**Your task:**
Below is a listing; print exactly its lines from the one containing "Ellen Barkin Editorial" down to the one containing "Appartement - 88 m² - 4 pièces", both inclusive, with every picture left out.

**Material for this exercise:**
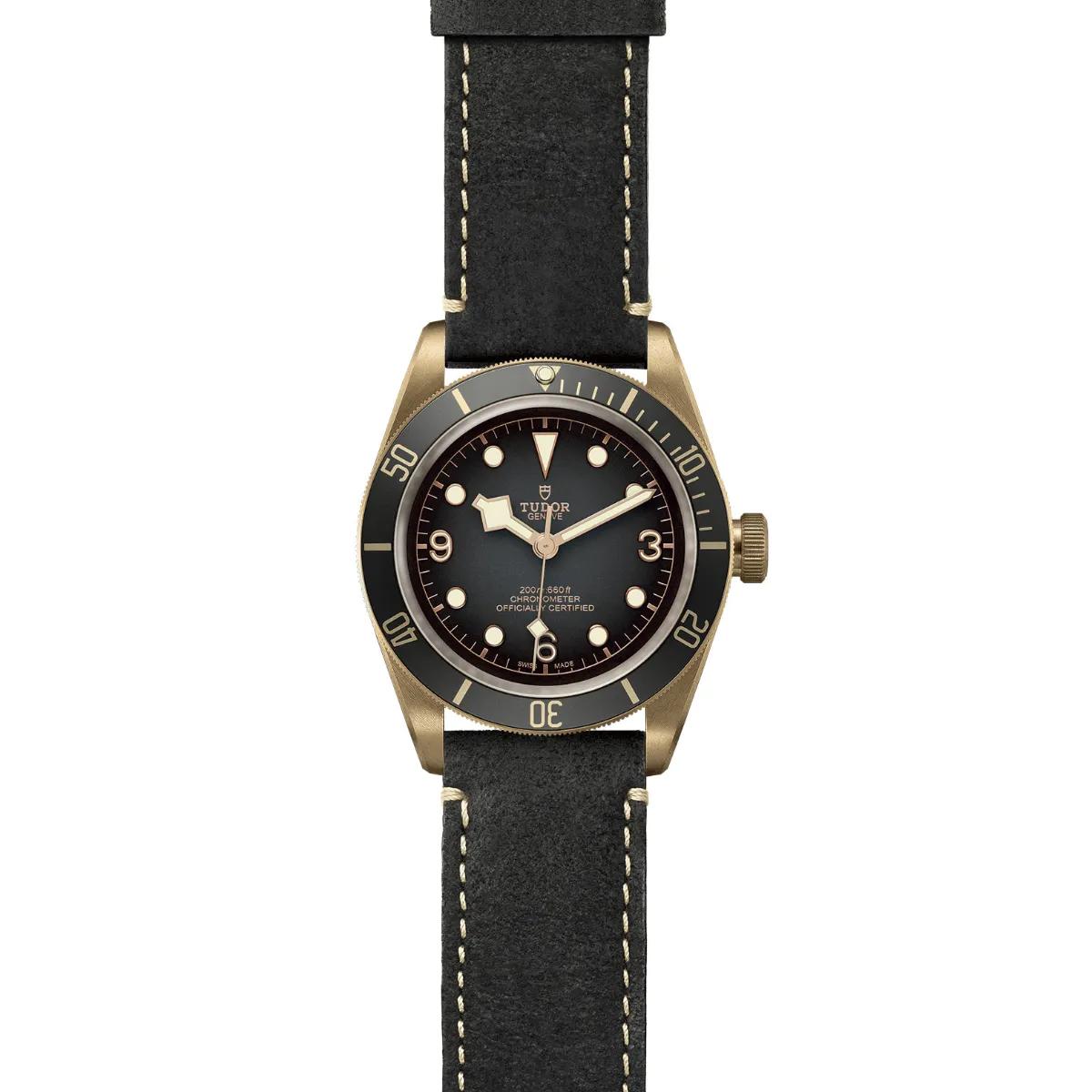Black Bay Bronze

...

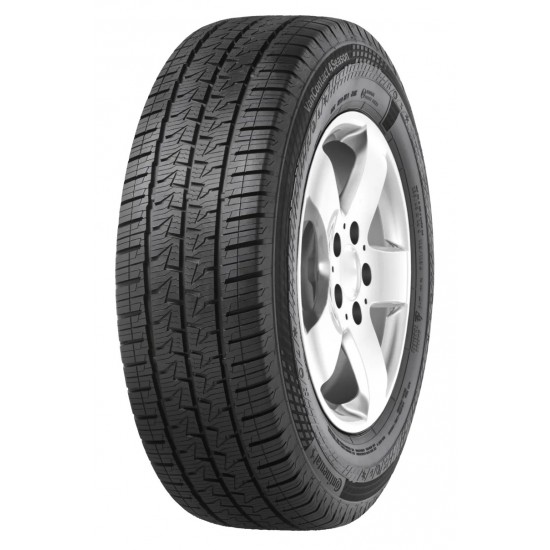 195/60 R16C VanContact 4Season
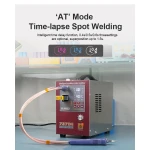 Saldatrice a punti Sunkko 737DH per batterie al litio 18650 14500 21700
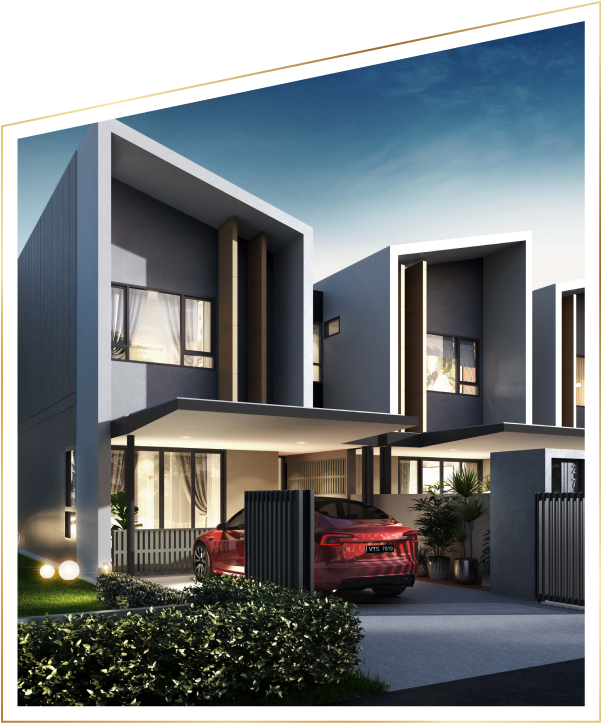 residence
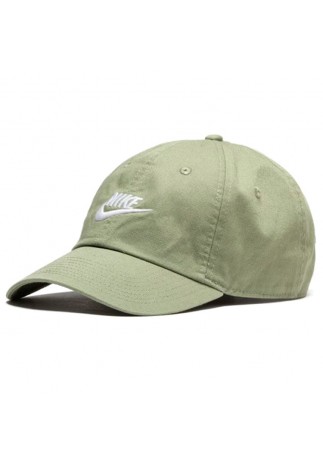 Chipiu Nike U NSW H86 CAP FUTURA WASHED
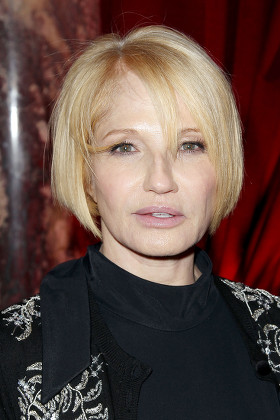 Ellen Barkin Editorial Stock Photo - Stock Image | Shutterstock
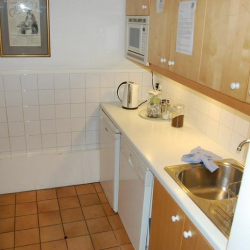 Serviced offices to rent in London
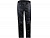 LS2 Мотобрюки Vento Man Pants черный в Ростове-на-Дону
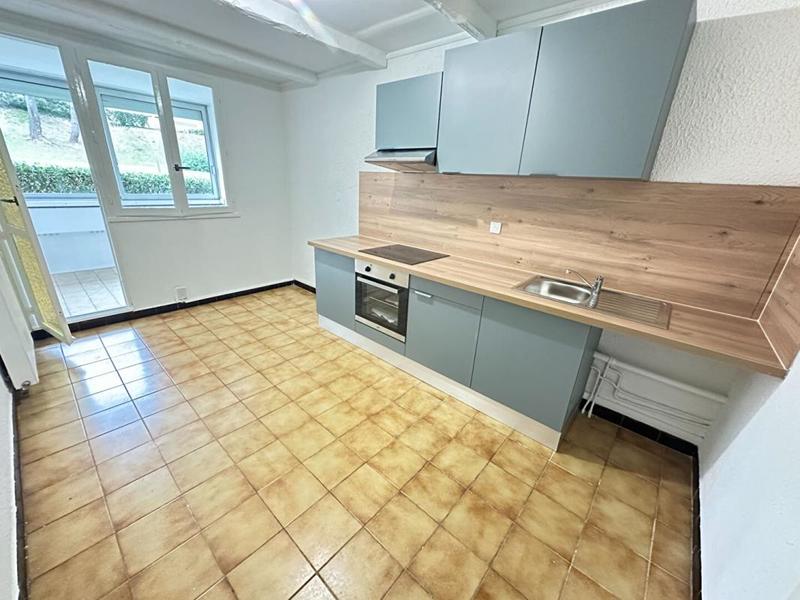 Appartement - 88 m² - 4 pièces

**Written response:**
 Ellen Barkin Editorial Stock Photo - Stock Image | Shutterstock
 Serviced offices to rent in London
 LS2 Мотобрюки Vento Man Pants черный в Ростове-на-Дону
 Appartement - 88 m² - 4 pièces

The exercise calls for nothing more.